US billionaire John Malone-controlled Liberty Media Corp yesterday said that it will buy a 27.3 per cent stake in cable television operator Charter Communications Inc for about $2.62 billion.
Colorado-based Liberty Media will buy the stake from Apollo Management, Oaktree Capital Management and Crestview Partners, the companies said in a joint statement.
Liberty Media will pay $95.50 for each Charter share, a discount of 2.6 per cent to Charter's Monday closing price of $98.04.
The deal comes a month after Liberty Media's European arm Liberty Global agreed to buy UK cable operator Virgin Media Inc in a $15.75-billion in a cash and stock deal. Including debt, the deal is valued more than $23 billion. (See: Liberty Global strikes Virgin Media deal for $15.75 bn)
In early March, Apollo Global and Oaktree had announced plans to sell about 6.2 million and 3.1 million of Charter shares respectively in an offering underwritten by Goldman Sachs.
Under the deal, Liberty Media has agreed to not raise its stake in Charter above 35 per cent until January 2016 and 39.99 per cent thereafter.
''We are pleased with Charter's market position and growth opportunities and believe that the company's investments in its high-capacity digital network which provides digital HD and on demand television, high-speed data and voice, will benefit its customers and shareholders alike,'' Malone said in a statement.
Saddled with debt of around $22 billion, Connecticut-based Charter had filed for Chapter 11 bankruptcy protection in March 2009, emerged from it in November 2009 the same year.
With a market cap of $9.9 billion, Nasdaq-listed Charter provides advanced video, high-speed internet, and telephone services to about 5.2 million residential and business customers in 25 US states.

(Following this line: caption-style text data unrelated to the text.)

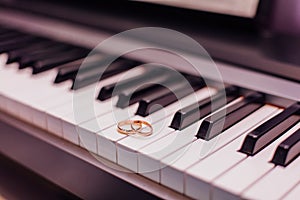 Two golden wedding rings on piano keys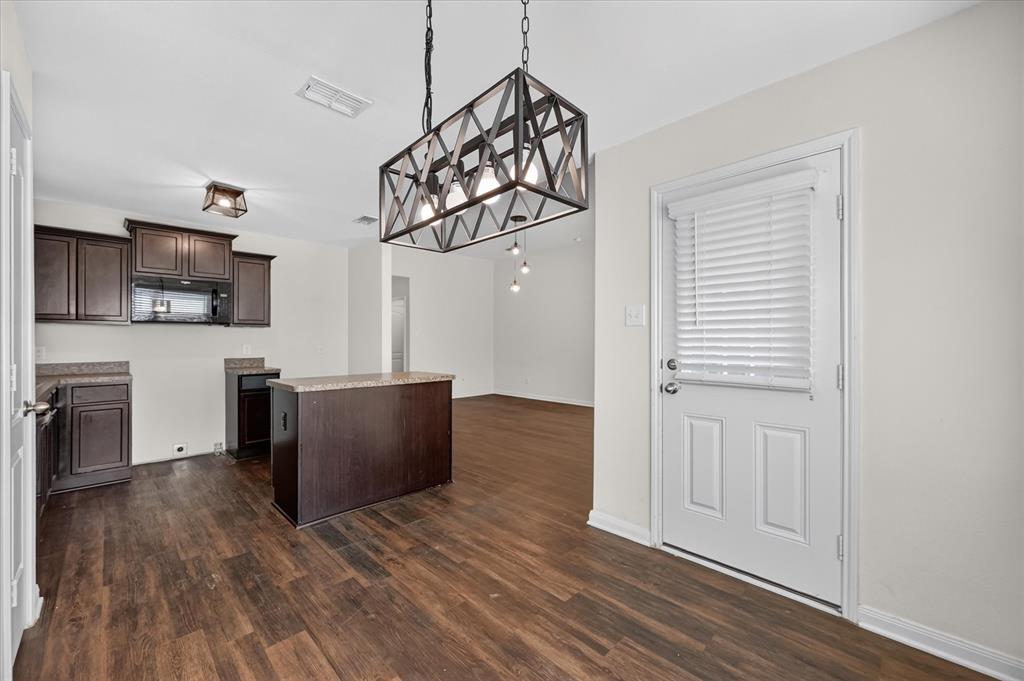 Dark-finish cabinetry, wood-finish flooring, central kitchen island, geometric metal-frame pendant lighting, and an exterior door with integrated blinds Dark-finish cabinetry, wood-finish flooring, central kitchen island, geometric metal-frame pendant lighting, and an exterior door with integrated blinds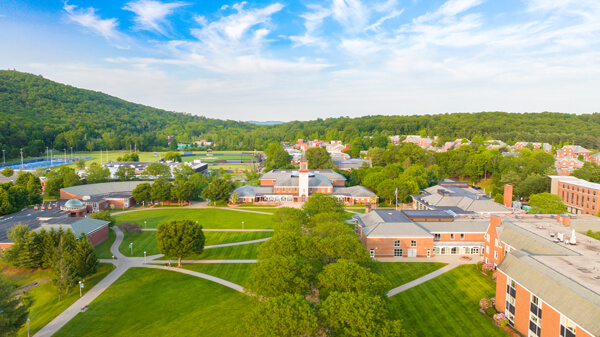 Aerial view of Mount Carmel Campus quad and several buildings and residence halls on a blue sky day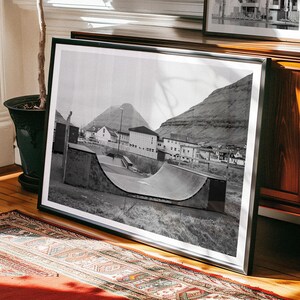May include: Black and white photograph of a half-pipe ramp in a small town. The ramp is made of concrete and is surrounded by grass. There are buildings in the background, and a mountain in the distance.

Last month it agreed to acquire Cablevision System Corp's western cable asset Optimum West for $1.63 billion.
Colorado-based Liberty Media owns interests in a broad range of media, communications and entertainment businesses. Its subsidiaries include premium home entertainment provider Starz, Atlanta National League Baseball Club, and location service provider True Positon.

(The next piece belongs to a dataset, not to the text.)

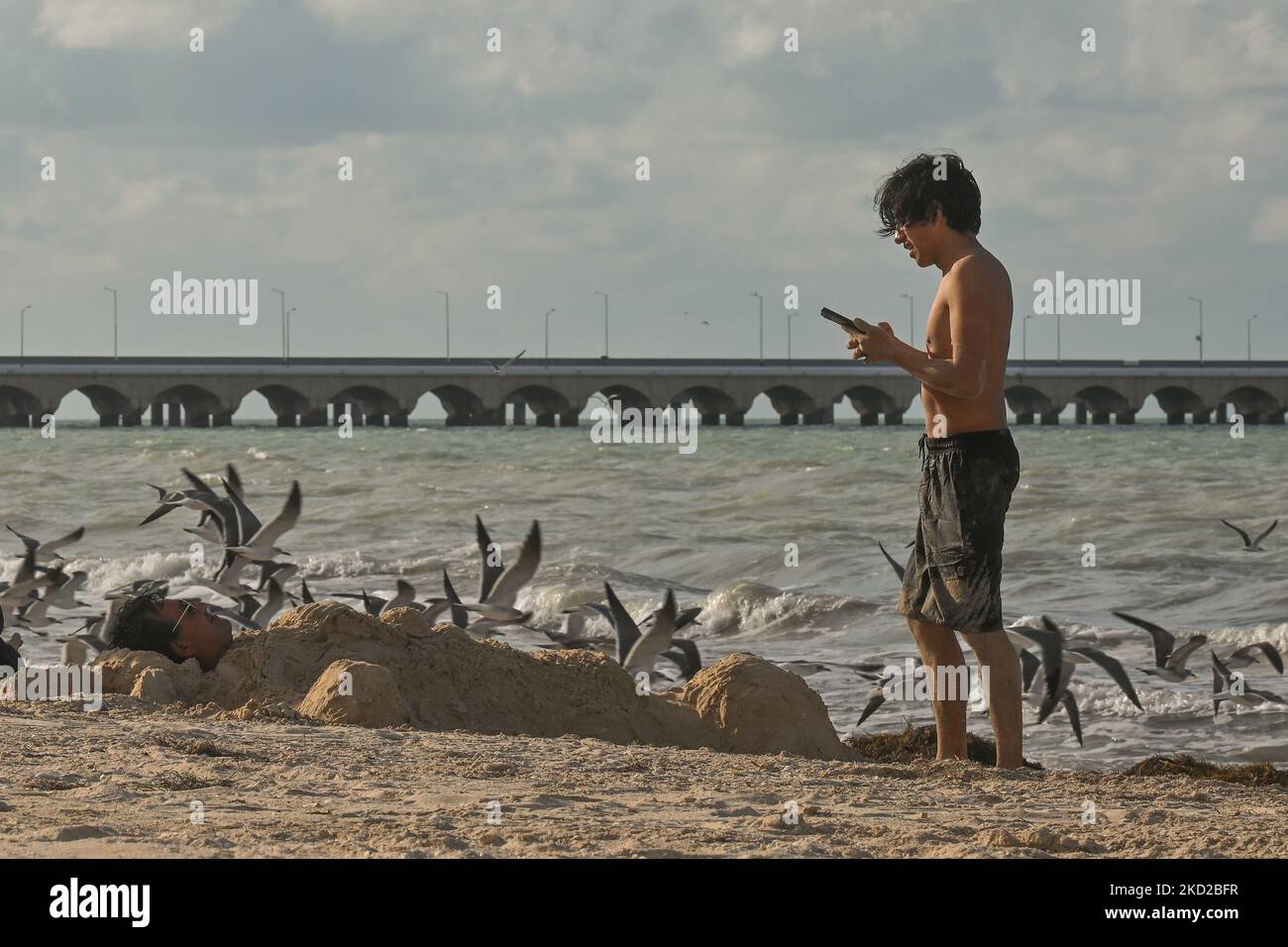 People enjoy the nice weather at the beach in Progreso. On Wednesday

The company also has stakes in satellite radio service provider SiriusXM Radio Inc, concert firm Live Nation Entertainment Inc, book retailer Barnes & Noble Inc as well as minority interests in media and entertainment giants Time Warner Inc and Viacom.
Over the last few years, Malone, who made his fortune by selling the company he founded Tele-Communications to AT&T for $48 billion in 1998, has restructured his media empire into several smaller businesses, to improve efficiency and obtain tax benefits.

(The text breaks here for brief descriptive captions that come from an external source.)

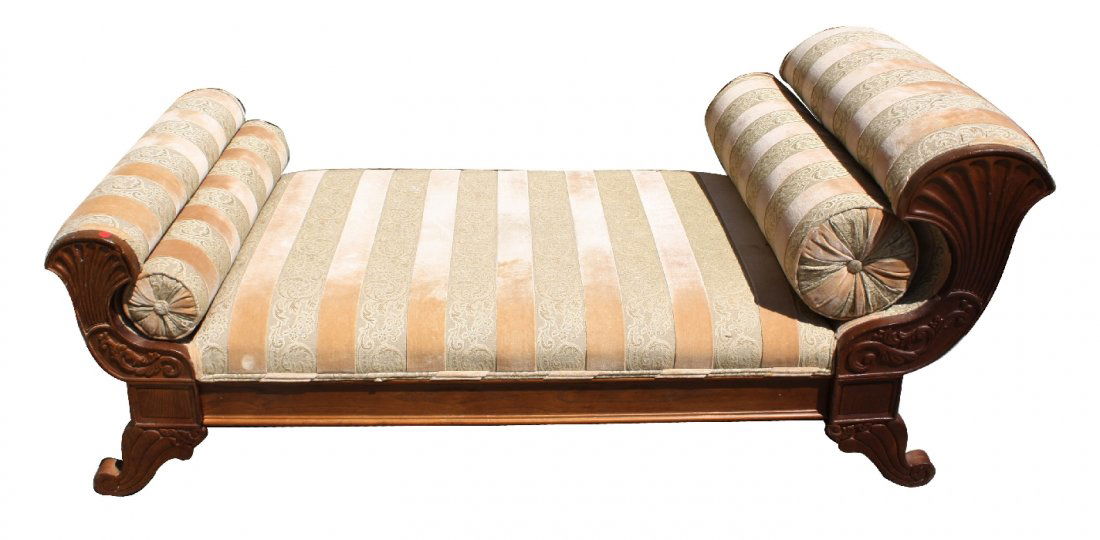 Chaise lounge in mahogany frame: carved in a fan motif. 31"h x 74"l x 36"d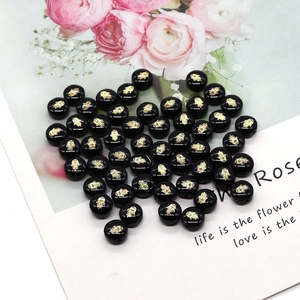 Macro shot of circular black freshwater shell beads with gold Hamsa Hand patterns for DIY jewelry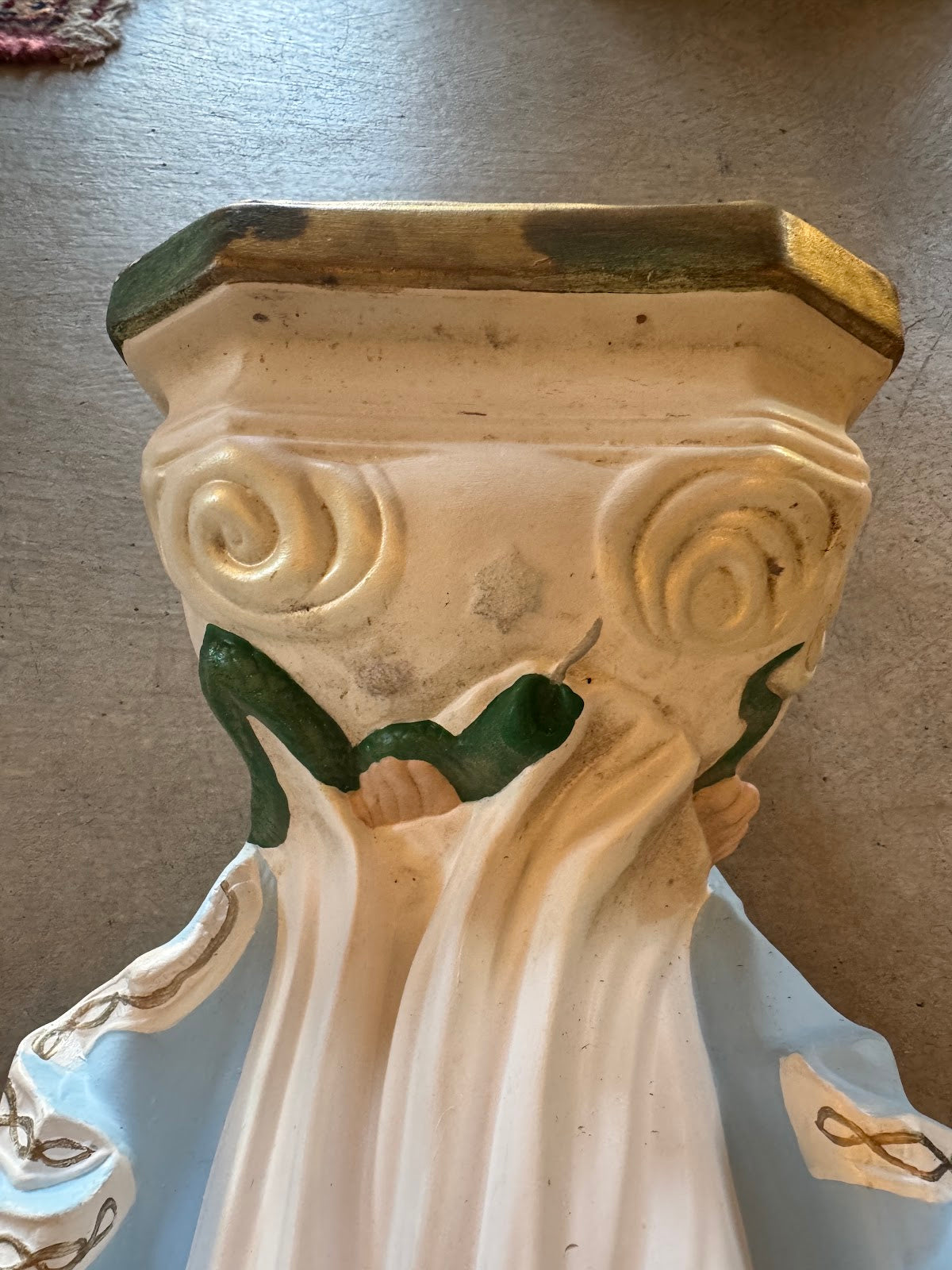 Statue base and serpent detail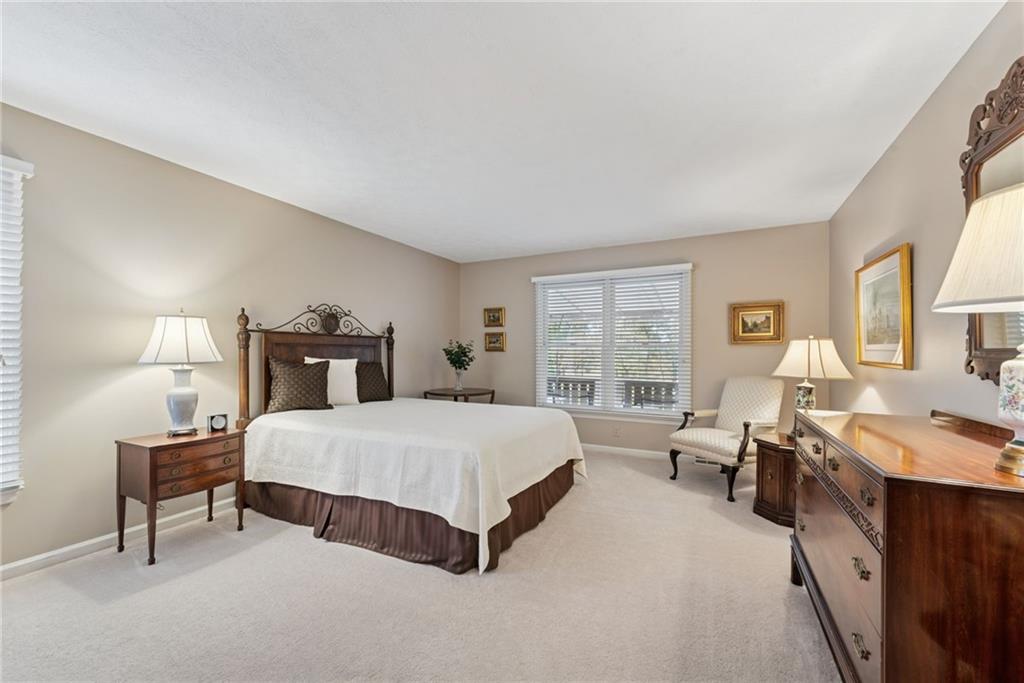 601 Timber Lane Sewickley, PA 15143 - Photo 17 of 45 a spacious bedroom with a bed and a window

In November 2011, Liberty Media spun off its video and online commerce businesses, including QVC, Backcountry.com and Bodybuilding.com, to form Liberty Interactive and last year spun off its premium cable business Starz LLC to a separately traded company.
The Starz spin-off left Liberty Media with about $1.8 billion in cash and debt free, giving it a free hand to make large acquisitions.